--- RECORD EXCERPTS Enclosed Below ---
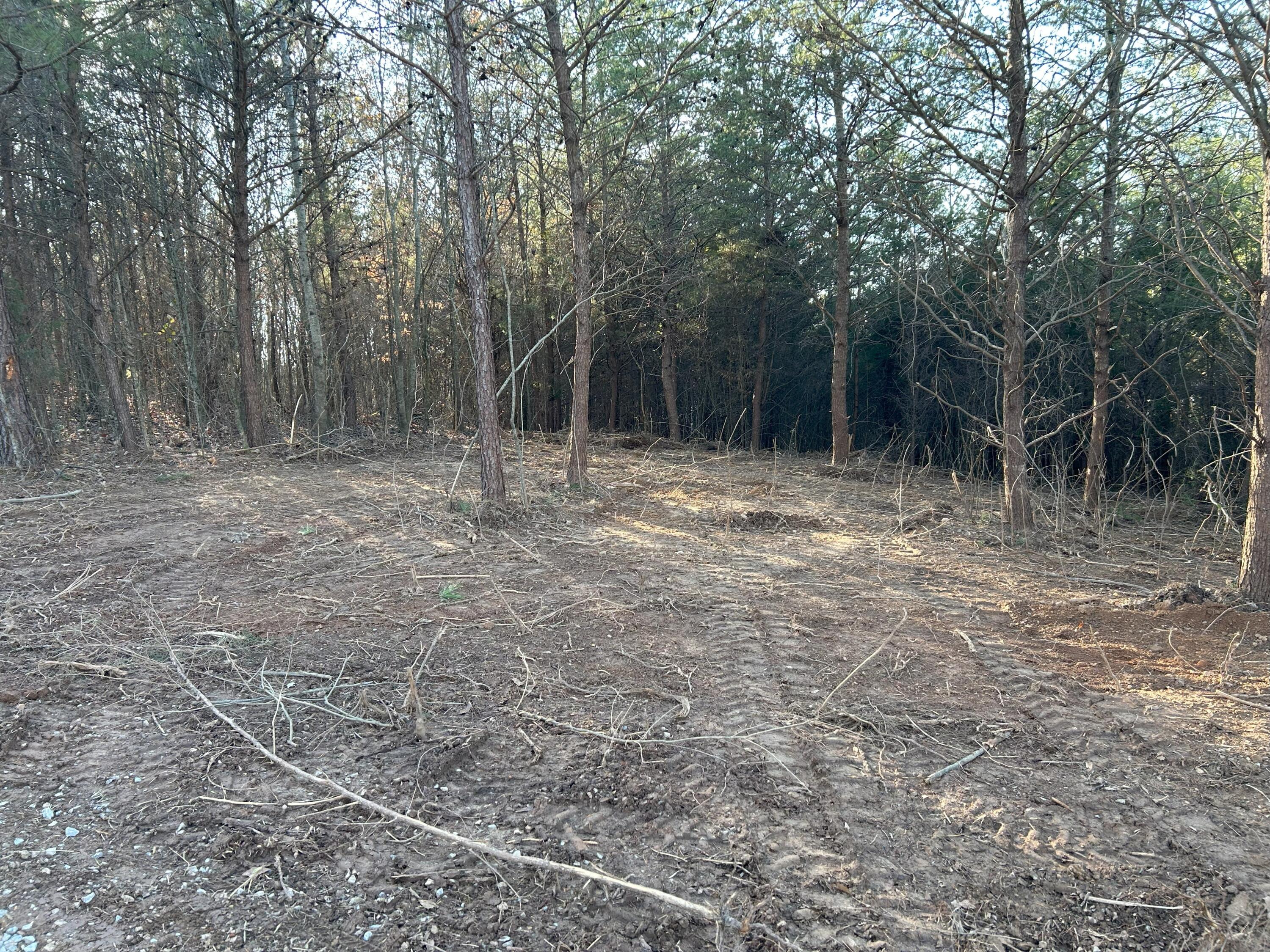 00 Lot 2, Union Grove Road, Charleston, Tennessee image 1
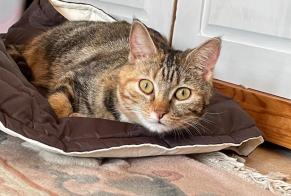 Vermisstmeldung Katze  Weiblich , 4 jahre Faye-la-Vineuse Frankreich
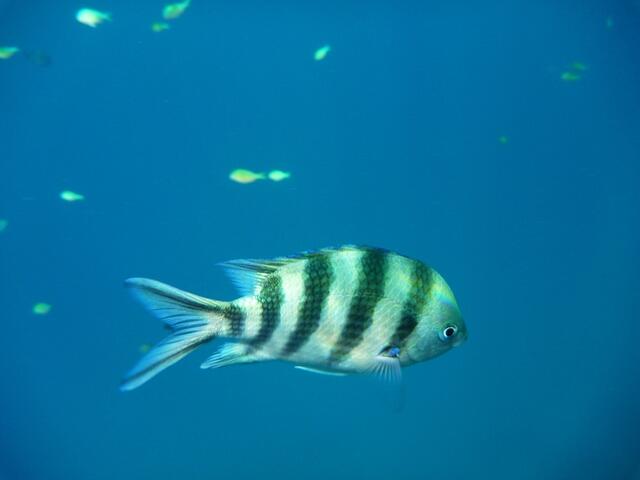 Hurghada, Hausriff, Hotel Arabia Azur: Verhalten der Fische bei Fütterung. Der  Indopazifische Feldwebelfisch schätzt die Lage ein.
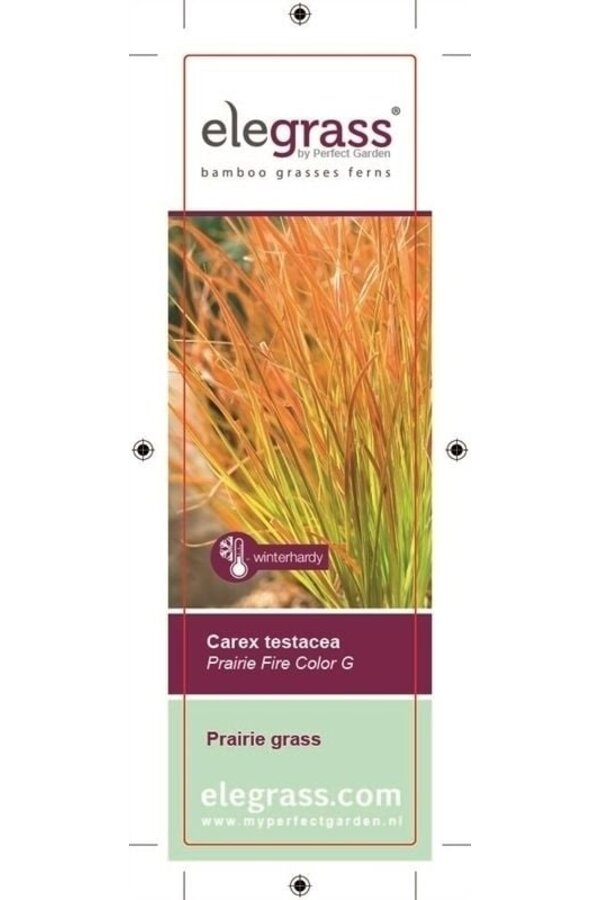 Carex testacea Prairie Fire P14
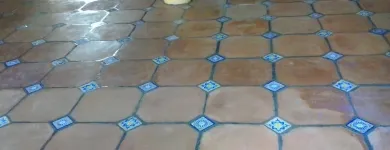 La imagen 36 de la Empresa PULI-PISOS Servicios Profesionales y de Negocios en Cuernavaca MOR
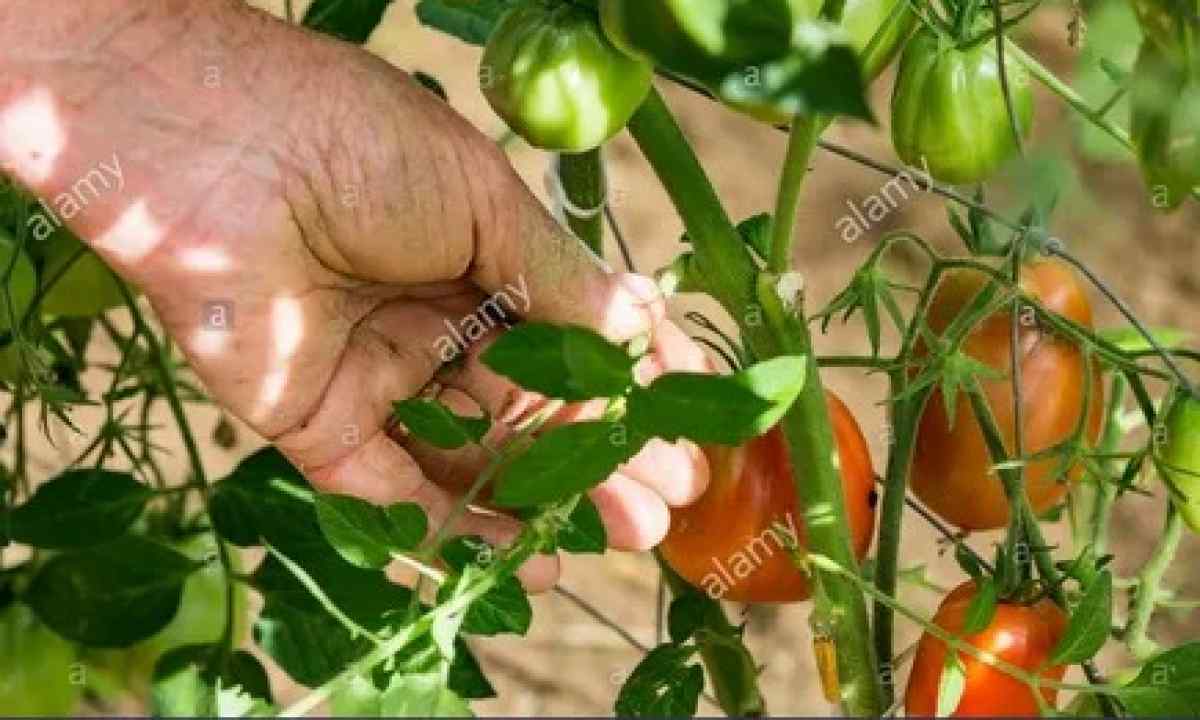 As it is correct to pasynkovat tomatoes in the open ground and the greenhouse
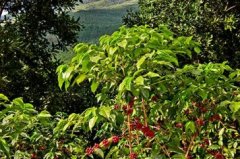 Panamanian Don Page Coffee Manor founded by the Father of Panamanian Rose Summer Coffee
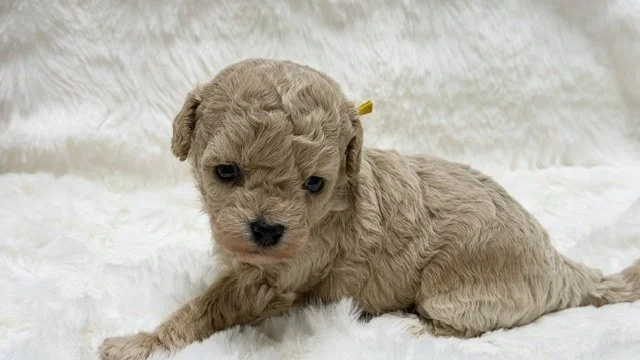 Female - Yellow Collar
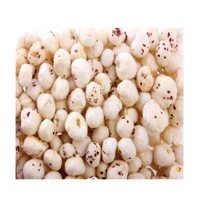 MAKHANA 100G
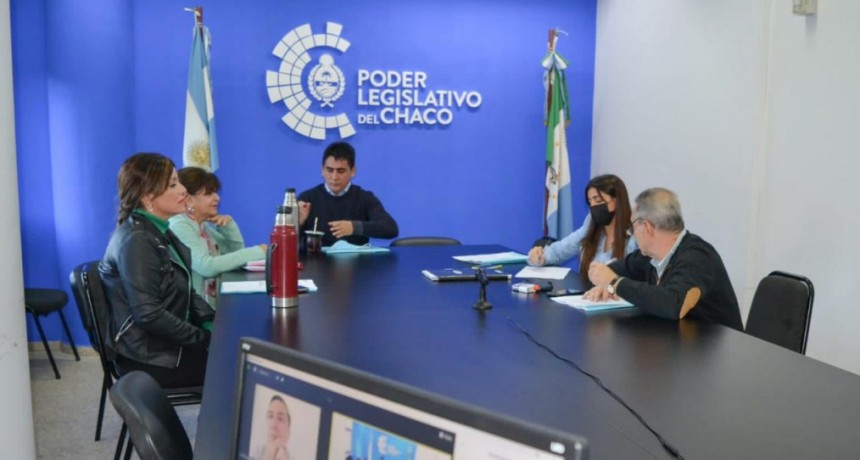 La diputada Jessica Ayala encabezar&aacute; la Comisi&oacute;n de Recursos Naturales y Ambiente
--- End of Enclosed RECORD EXCERPTS ---
**WORK ORDER**
Among the records above, locate the line containing "Hurghada, Hausriff, Hotel" and the line containing "As it is correct", then transcribe exactly the lines starting at the first and ending at the second, with no pictures.

**SOLVED EXERCISE**
 Hurghada, Hausriff, Hotel Arabia Azur: Verhalten der Fische bei Fütterung. Der  Indopazifische Feldwebelfisch schätzt die Lage ein.
 Carex testacea Prairie Fire P14
 La imagen 36 de la Empresa PULI-PISOS Servicios Profesionales y de Negocios en Cuernavaca MOR
 As it is correct to pasynkovat tomatoes in the open ground and the greenhouse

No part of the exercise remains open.